The official election day (that is, the first Tuesday of November) is certainly a workday, which constitutes a problem for the number of voters who work far from home or who are without a car. Early voting thus gives an advantage to even the most disadvantaged people, particularly the mostly Democratic black and Latino voters who are known for their lack of voter participation.
Thus, one can better understand the Republican determination to limit this option, especially in the swing states, where the votes are decisive and where this year the election could come down to a manner of points. Litigation for Mitt Romney’s campaign ended Oct. 5 in Ohio; South Carolina’s state assembly organized a real legislative blockade to prevent early voting.

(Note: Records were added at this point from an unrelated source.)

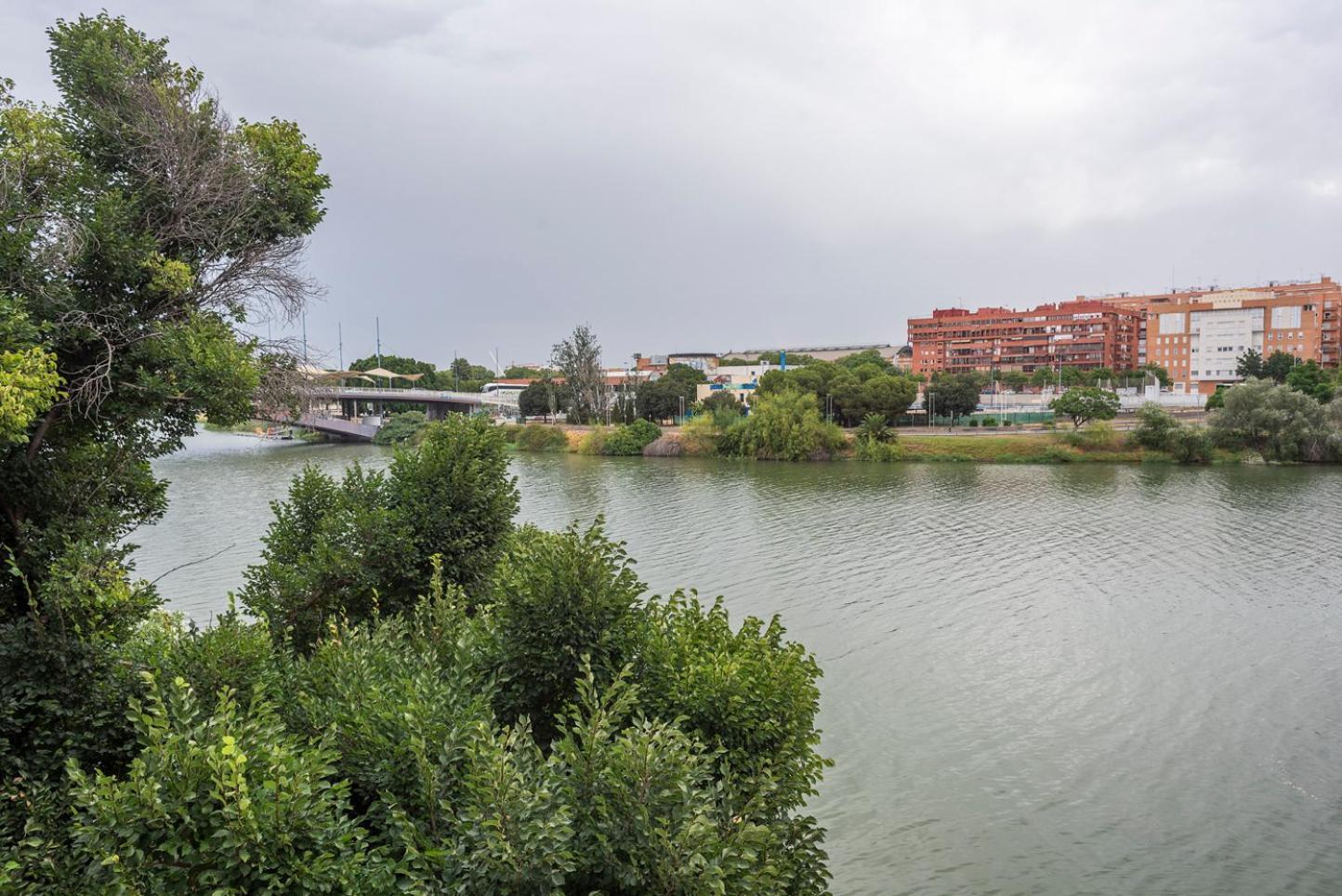 Alohamundi Castilla V-Vi Σεβίλλη Εξωτερικό φωτογραφία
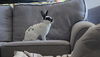 Lola RABBIT
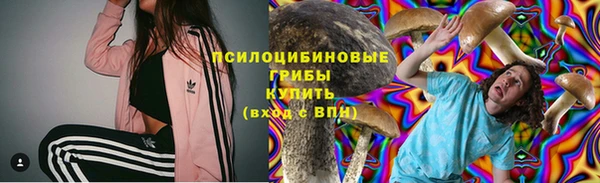 экстази Алексин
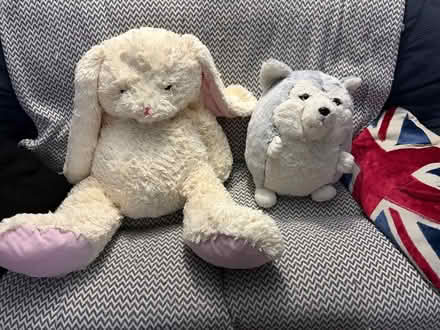 Photo of free Stuffed Rabbit and husky (Peachcroft OX14) #1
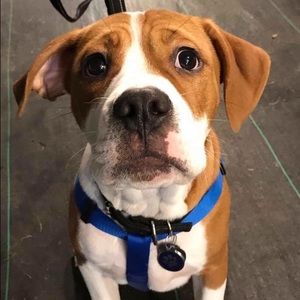 Meet your Posher, Morgan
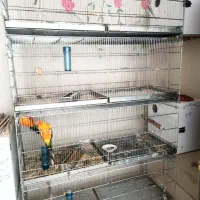 قفس  هشت خان پژاوندی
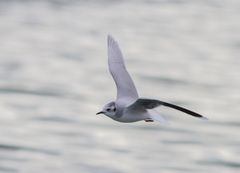 Hydrocoloeus minutus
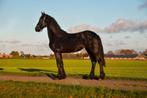 Tekoop: Friese Jaarling Merrie, Merrie, Dressuurpaard, 0 tot 2 jaar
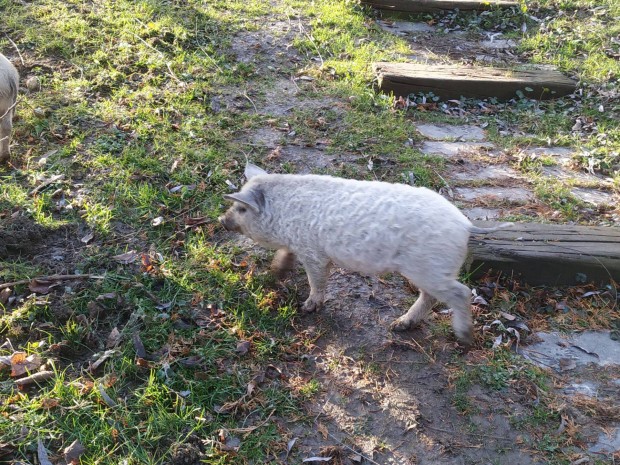 Mangalica malac, szabadon tartott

This election certainly benefits the Democratic Party, in which the dedicated network excelled at organizing mass votes, loading black voters after Sunday Mass onto buses taking them to voting booths and assuring Hispanic registration on election boards. The increase in participation has so worried the Republicans that they have upped the number of “legal” restrictions in more than 20 states where they control the assemblies, limiting the hours of operation for polling stations on weekends and making new demands for forms of identification that are required on entry to polling stations. In other words, they are taking measures basically aimed at the minorities least familiar with local bureaucracy.
They are not succeeding: The first numbers from the exit polls confirm that Obama is 10 points ahead in Ohio and Iowa. A third of American voters, among them the most local and dyed-in-the-wool, must make their decision before Nov. 6, but the suspense will play out until the last day.
*Editor’s note: Early voting in Chicago began on Oct. 22.
**Editor’s note: Early voting in Iowa began on Sept. 27.